The widespread belief that the United States is an ally of regional dictators and an unquestioning supporter of Israel colors Arab perceptions of every American move in the region. The writers argue that pressuring Israel to fulfill its commitments vis-à-vis the Palestinians is the only way to rebuild U.S.–Arab relations and rehabilitate the United States’ image in the Middle East.
- President Obama’s current popularity in the Arab world is a perishable asset. Delaying action on Palestine, Iraq, and political reform in the Arab world will revive regional anti-American hostility.
- The administration should hold direct talks with Hamas and support Mahmoud Abbas’s attempts to reconcile Fatah and Hamas. Abbas cannot secure a peace agreement with Israel without Hamas.
- Arabs also expect a clear and unequivocal declaration that the United States plans to withdraw from Iraq. Details of the exit strategy are less important than a strong signal that the U.S. occupation of Iraq—a critical obstacle to productive U.S.–Arab relations—is over.
- The United States should continue its support for democratization in the Middle East, but it must re-examine its position on Islamist parties, which are part of the region’s political reality and cannot be shut out of the process of political reform.
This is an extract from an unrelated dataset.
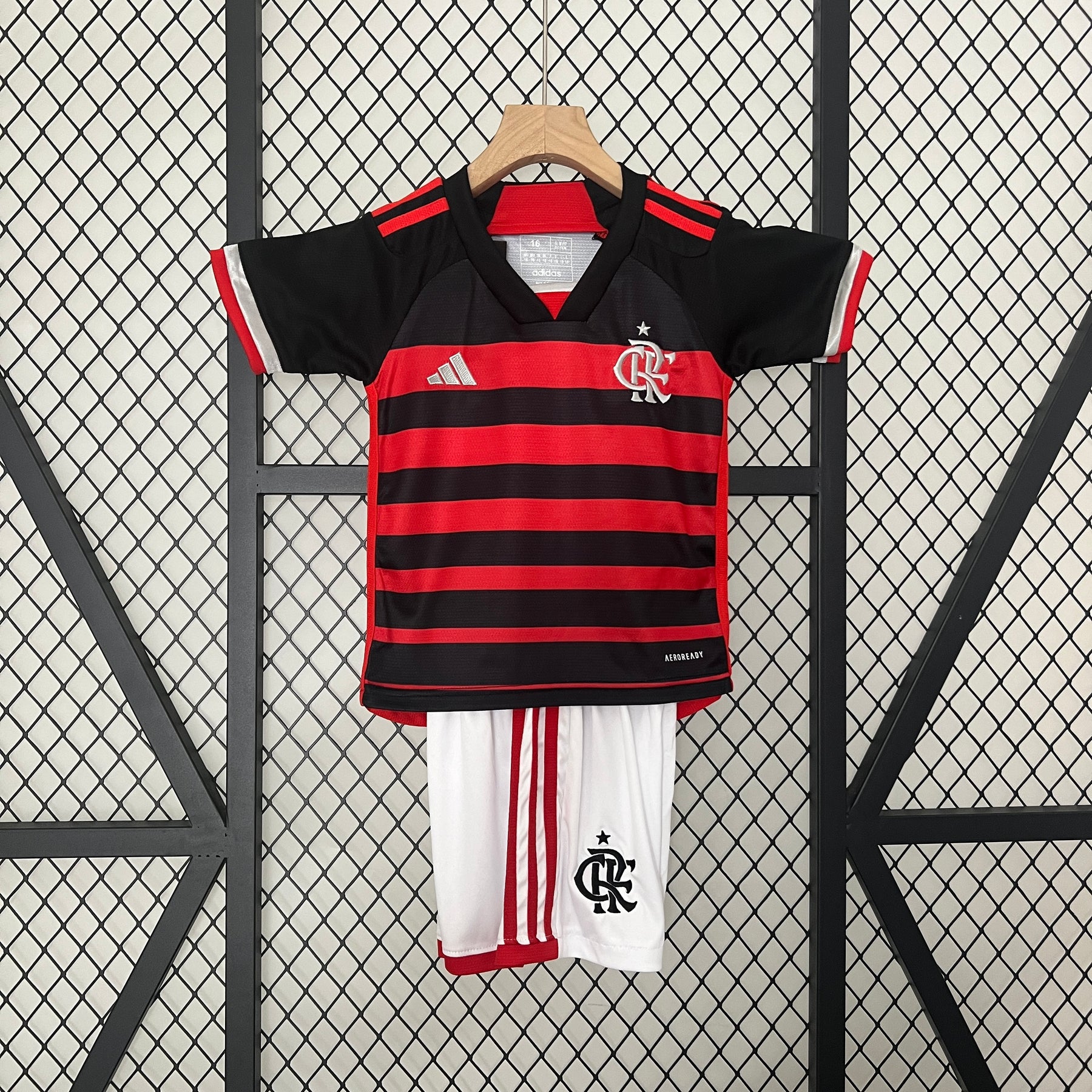Flamengo
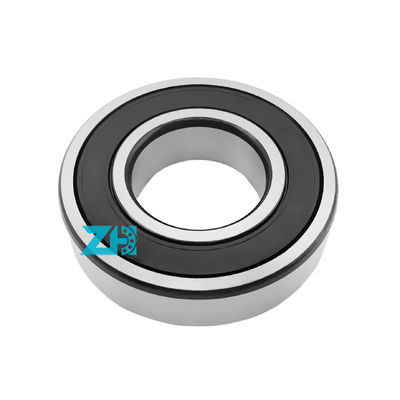 Sellos durables y vida couping que llevan el excavador Bearing 1,10900026 transportes 25Z494D11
Treating all Islamist organizations as enemies plays into the hands of increasingly powerful radicals.
Gamal al-Ghitany, Khaled al-Hroub, Salah ad-Din al-Jourchi, and Mustapha al-Khalfi—prominent journalists, academics, and activists—contributed their reactions to Barack Obama’s victory.
Carnegie’s Amr Hamzawy and Marina Ottaway, who compiled the commentaries, conclude:
“Obama’s election was a public diplomacy triumph for the United States, the first real success the United States has won in the Arab world in a long time, and probably the most important one since President Eisenhower backed Egypt’s efforts to regain control of the Suez Canal in 1956. Yet the success could prove short-lived: Arabs were reacting to concrete change, not to words, and are likely to revert to the old hostility unless Obama’s words are backed by concrete changes in U.S. Middle East policies.”